__Task requirements__
Give the listing again word for word. Leave every image out.

__Exercise data__
****
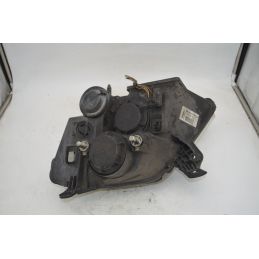 Faro Anteriore DX Opel Meriva A Dal 2003 al 2010 Cod 93175365  1757572736460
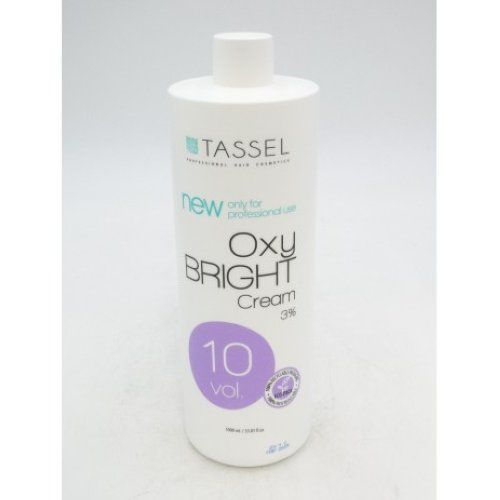 Tassel Aigua Oxigenada 10vol 1lt R-4337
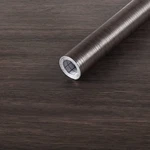 Arthome 16.5" X393"PEEL And Stick Wood Contact Paper Self-adhesive Brown Waln... New. Price: $48.82.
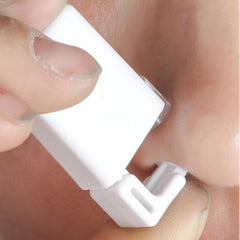 23pcs 316L Steel Sterile Nose Ring Stud Piercing Kit Gun Tool Earring Machine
****
__Output below__
 Faro Anteriore DX Opel Meriva A Dal 2003 al 2010 Cod 93175365  1757572736460
 Tassel Aigua Oxigenada 10vol 1lt R-4337
 Arthome 16.5" X393"PEEL And Stick Wood Contact Paper Self-adhesive Brown Waln... New. Price: $48.82.
 23pcs 316L Steel Sterile Nose Ring Stud Piercing Kit Gun Tool Earring Machine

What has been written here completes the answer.